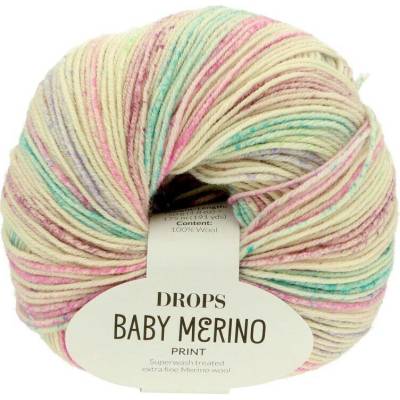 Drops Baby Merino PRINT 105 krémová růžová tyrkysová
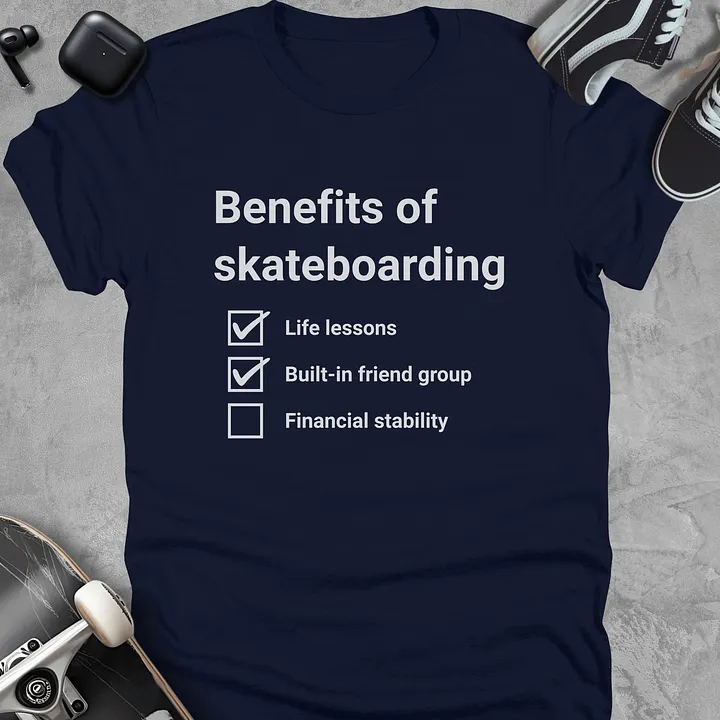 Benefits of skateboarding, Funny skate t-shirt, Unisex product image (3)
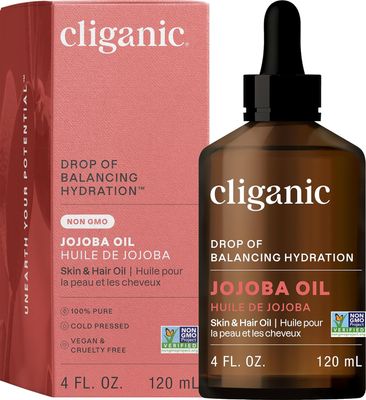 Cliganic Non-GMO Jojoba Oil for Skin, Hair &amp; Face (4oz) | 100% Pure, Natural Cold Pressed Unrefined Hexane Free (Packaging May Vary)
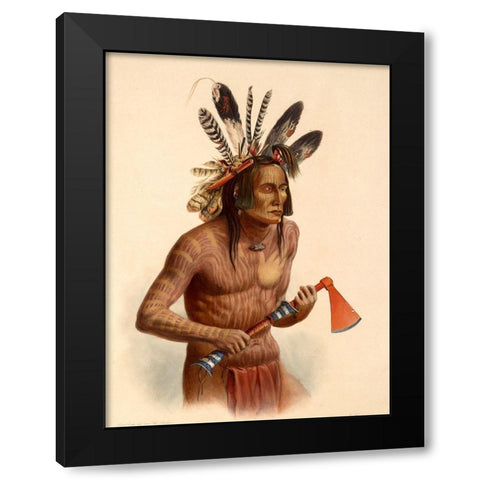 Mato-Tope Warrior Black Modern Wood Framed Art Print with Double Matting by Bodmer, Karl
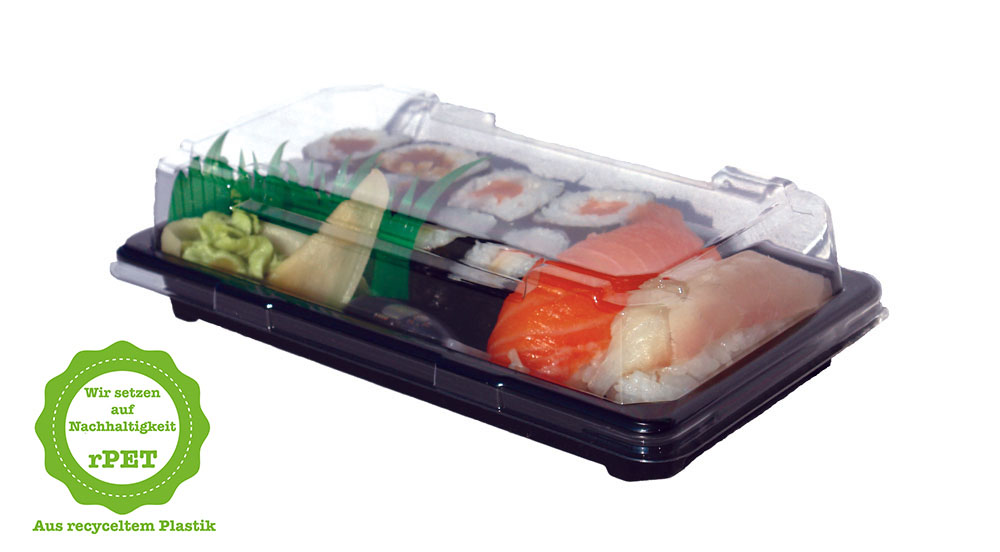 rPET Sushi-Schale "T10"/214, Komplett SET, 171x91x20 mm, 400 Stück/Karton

» WHAT THE EXERCISE ASKS:
The whole listing should be retyped word for word; none of its pictures belong in the copy.

» WRITTEN SOLUTION:
 Drops Baby Merino PRINT 105 krémová růžová tyrkysová
 Benefits of skateboarding, Funny skate t-shirt, Unisex product image (3)
 Cliganic Non-GMO Jojoba Oil for Skin, Hair &amp; Face (4oz) | 100% Pure, Natural Cold Pressed Unrefined Hexane Free (Packaging May Vary)
 Mato-Tope Warrior Black Modern Wood Framed Art Print with Double Matting by Bodmer, Karl
 rPET Sushi-Schale "T10"/214, Komplett SET, 171x91x20 mm, 400 Stück/Karton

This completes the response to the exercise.